In functional programming, map is a high-order function that applies a given function to a list (each element of the list is processed using this function) and returns a sequence of results. The Map module provides this functionality for workflows in VisTrails. Note that this module provides simple looping as it can be used to iterate through a list of inputs.

The Map module has four input ports:

• “FunctionPort”: this port receives the module (via the “self” output port) that represents the function to be applied for each element of the input list; if the function uses more than one module, you must use a Group (see Chapter Groups and Subworkflows) or a SubWorkflow and connect that composite module to this port;
• “InputPort”: this port receives a list of the names of the input ports that represent the individual arguments of the function;
• “OutputPort”: this port receives the name of the output port that represents the individual result of the function;
• “InputList”: this port receives the input list for the loop; it must be a list of tuples if more than one function input port was chosen.

The output port “Result” produces a list of results, one for each element in the input list.

Try it Now!

To better show how to use the Map module, let’s use a workflow as an example. Inside the “examples” directory of the VisTrails distribution, open the “triangle_area.vt” vistrail. Now, select the “Surface Area” version. This version basically calculates the area of a given isosurface. We are going to modify this version, in order to calculate the areas of the isosurface given by contour values in a list. Then, we will create a 2D plot to show all the areas.

Begin by deleting the StandardOutput modules, and the connection between the vtkDataSetReader and the vtkContourFilter modules. Then, drag the following modules to the canvas:

• Map
• CartesianProduct
• List (under “Basic Modules”)
• MplSource (under “matplotlib”)
• MplFigure (under “matplotlib”)
• MplFigureCell (under “matplotlib”)
• InputPort (under “Basic Modules”) - you will need two of them
• OutputPort (under “Basic Modules”)
• PythonSource (under “Basic Modules”)

Notice that when you drag Map to the pipeline canvas it will be drawn in a different shape from the other modules. This is a visual cue to help distinguish control modules from other modules. All control modules have the same shape.

Next Step!

Select the vtkContourFilter module and delete its method “SetValue” in the Module Information tab. Then, make this port visible by clicking on the first column left of its name in the “inputs” tab to toggle the eye icon..

Connect the modules as shown in Figure Connecting a subset of the modules to be grouped as a SubWorkflow.
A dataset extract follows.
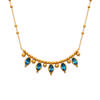 [R5836] - Gold Plated Necklace 'Cléopatra' Golden Blue - 45x10 Mm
Connecting a subset of the modules to be grouped as a SubWorkflow

These modules represent the function we wish to map: each element of the input list will be processed using them. Because we have more than one module, we need to create a Group or a SubWorkflow to identify the entire function. The InputPort and the OutputPort modules are necessary to expose these ports in the Group/SubWorkflow structure.

Next Step!

In this example, we will use a SubWorkflow structure. Select all the modules shown in Figure Connecting a subset of the modules to be grouped as a SubWorkflow, go to the Workflow menu, and then click on Create SubWorkflow. You can name it CalculateArea. Enable the self output port in the ‘outputs’ panel: you will need it to connect to the “Map” module

Note

When using Map, the module (or subworkflow) used as function port in the map module MUST be a function, i.e., it can only define 1 output port.

Next Step!

Now, select the MplSource module and open its configuration dialog. Inside it, add two input ports of type List: “InputList” and “X_Values”. Also, copy the code listed below, in order to create the necessary information for the 2D plot, into the source text area and save your changes.

subplot(212)

dashes = [1, 3]
xaxis = []

for i in xrange(len(InputList)):
    xaxis.append(X_Values[i][1])

l, = plot(xaxis, InputList, marker="o", markerfacecolor="red",
          markersize=7, label="IsoSurface Areas", linewidth=1.5)

l.set_dashes(dashes)

Next Step!

Next, edit the PythonSource module by adding an output port “result” of type List, copying the following code to the source text area, and saving these changes. The code will create a range of contour values that we will use as our input list.

result = []

for i in xrange(4, 256, 4):
    result.append(i)

Next Step!

It may be helpful to identify this PythonSource module by labeling it as RangeList. Connect all the modules as shown in Figure All the modules connected in the canvas.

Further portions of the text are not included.